Пришвин, и в том особенность его, осознавая свою органическую связь со старой дореволюционной русской традицией (неслучайна его запись в дневнике 1925 года: “Старый писатель, как старый трамвай: превосходный трамвай, но гордиться тут нечем советскому человеку - сделан при царском правительстве”), полагал непременным условием таланта, сущностью его - чувство современности и уподоблял это чувство способности перелетных птиц ориентироваться в пространстве. Более того, в 1940 году он записал: “Писатель должен обладать чувством времени. Когда он лишается этого чувства - он лишается всего, как продырявленный аэростат”. Тут особенно хорош аэростат, и вообще учитывая невероятную страсть Пришвина к фотографии, личным автомобилям и прочим достижениям цивилизации, можно с уверенностью предположить, что, доживи Михаил Михайлович до сегодняшнего дня, одним из первых в Интернате появился бы сайт Пришвина.
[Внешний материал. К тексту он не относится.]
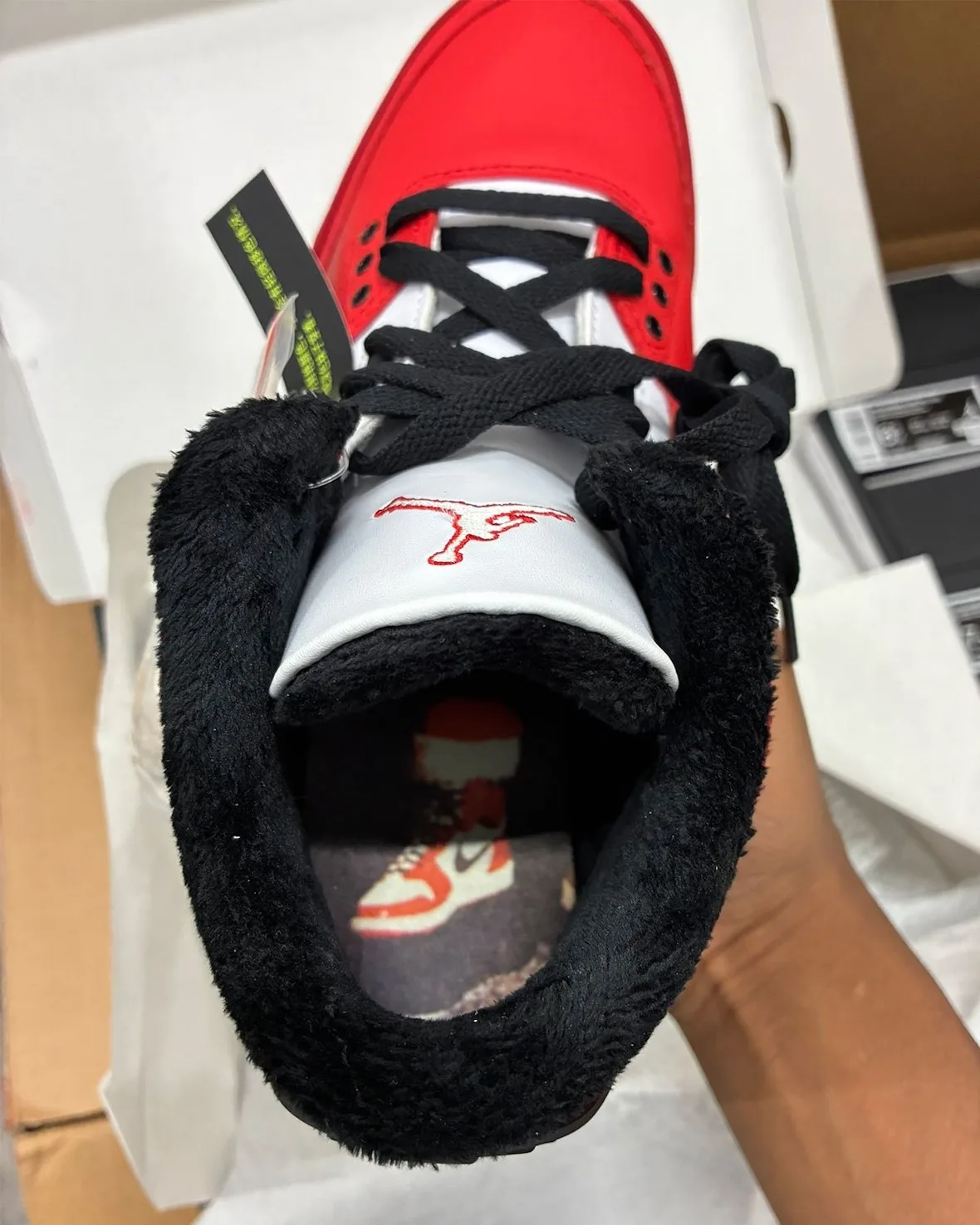 Detail looking into the shoe, black fleece lining, white Jumpman tongue, insole print of a red and white sneaker, Santa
Тем более удивительно, что в 1943 году он записывает в дневнике: “Вчитывался в Бунина и вдруг понял его, как самого близкого мне из всех русских писателей. Для сравнения меня с Буниным надо взять его “Сон Обломова-внука” и мое “Гусек”. “Сон” тоньше, нежнее, но “Гусек” звучнее и сильнее. Бунин культурнее, но Пришвин самостоятельнее и сильнее. Оба они русские, но Бунин от дворян, а Пришвин от купцов”(2).
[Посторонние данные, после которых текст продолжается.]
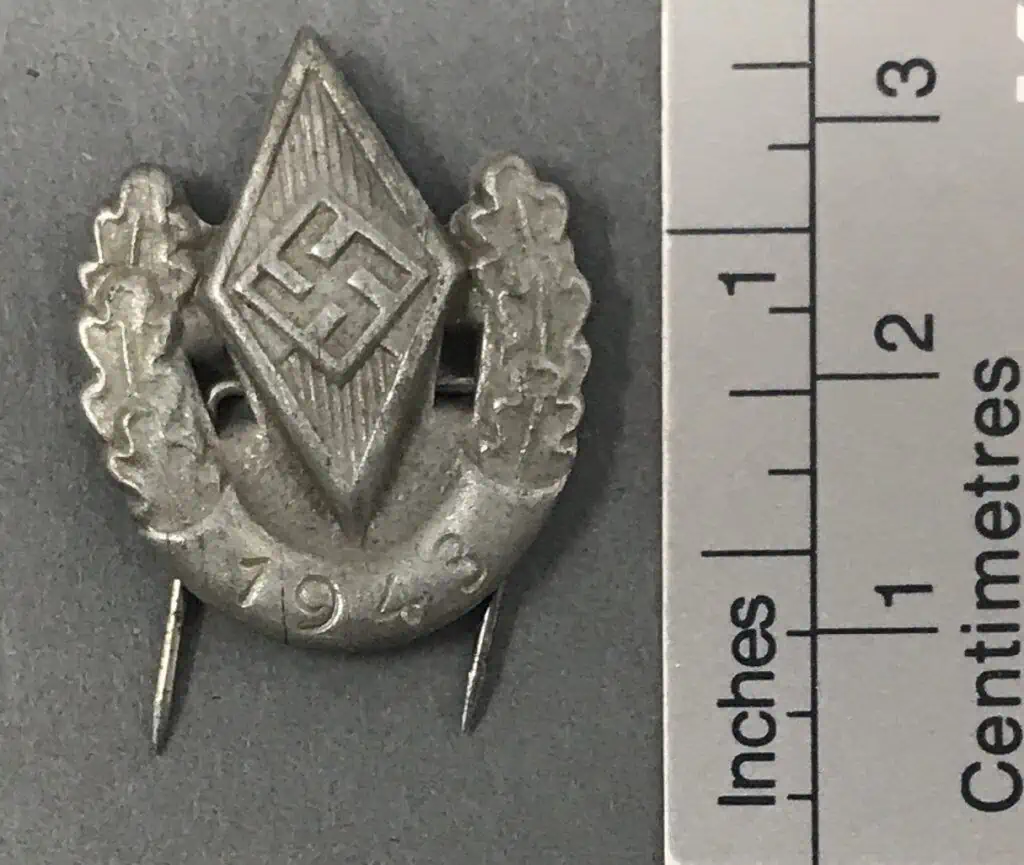 Original Hitler Youth HJ award badge from 1943 Reich Sports Competition recognizing Hitler Youth sports achievements.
Появление Бунина на страницах пришвинского дневника одновременно и закономерно, и неизбежно, и поразительно. Поразительно тем, что, в отличие от устремленного к современности Пришвина, Бунин до конца дней любил Россию древнюю, и чем древнее, тем она ему дороже (неслучайно в “Окаянных днях” писатель сочувственно цитирует своего любимого “второго Толстого”: “Когда я вспомню о красоте нашей истории до проклятых монголов, мне хочется броситься на землю и кататься от отчаяния”, и не переносил Россию новую, советскую, которую пытался не столько понять, сколько принять Пришвин и которой служил если не он сам, то его любимые герои.

А неизбежно имя Бунина тем, что здесь столкнулись не просто две крупные личности, два мировоззрения или даже два класса, но два русских времени: прошедшее и будущее. На их родство обращал внимание К. Г. Паустовский: “Пришвин происходил из старинного русского города Ельца. Из этих же мест вышел и Бунин, точно так же, как и Пришвин, умевший воспринимать природу в органической связи с человеческими думами и настроениями”. Заслуживает также внимания еще одно высказывание И. С. Соколова-Микитова: “И в человеческой и в писательской жизни шел Пришвин извилистым сложным путем, враждебно несхожим с писательским путем Ивана Бунина - ближайшего его земляка (быть может, в различиях родового и прасольско-мещанского сословий скрывались корни этой враждебной непохожести). Пришвина иногда называли “бесчеловечным”, “недобрым”, “рассудочным” писателем. Человеколюбцем назвать его трудно, но великим жизнелюбцем и “самолюбцем” он был несомненно. Эта языческая любовь к жизни, словесное мастерство - великая его заслуга”. (Соколов-Микитов И. С., Слово о Пришвине. - В кн. Воспоминания о Михаиле Пришвине., М., 1991, с. 63).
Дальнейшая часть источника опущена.